> **Records for the task**
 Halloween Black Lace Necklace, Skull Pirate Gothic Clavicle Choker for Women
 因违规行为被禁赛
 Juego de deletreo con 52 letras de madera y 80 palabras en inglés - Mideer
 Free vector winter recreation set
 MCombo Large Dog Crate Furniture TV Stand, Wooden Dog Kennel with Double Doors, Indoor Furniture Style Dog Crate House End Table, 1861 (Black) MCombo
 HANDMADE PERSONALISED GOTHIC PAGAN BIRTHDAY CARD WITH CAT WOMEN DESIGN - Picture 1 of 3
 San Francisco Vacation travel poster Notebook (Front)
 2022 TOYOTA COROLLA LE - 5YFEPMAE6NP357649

> **Directions**
Please transcribe the material line by line, exactly, from its opening line through the line that contains "Free vector winter recreation set".

> **Written response**
 Halloween Black Lace Necklace, Skull Pirate Gothic Clavicle Choker for Women
 因违规行为被禁赛
 Juego de deletreo con 52 letras de madera y 80 palabras en inglés - Mideer
 Free vector winter recreation set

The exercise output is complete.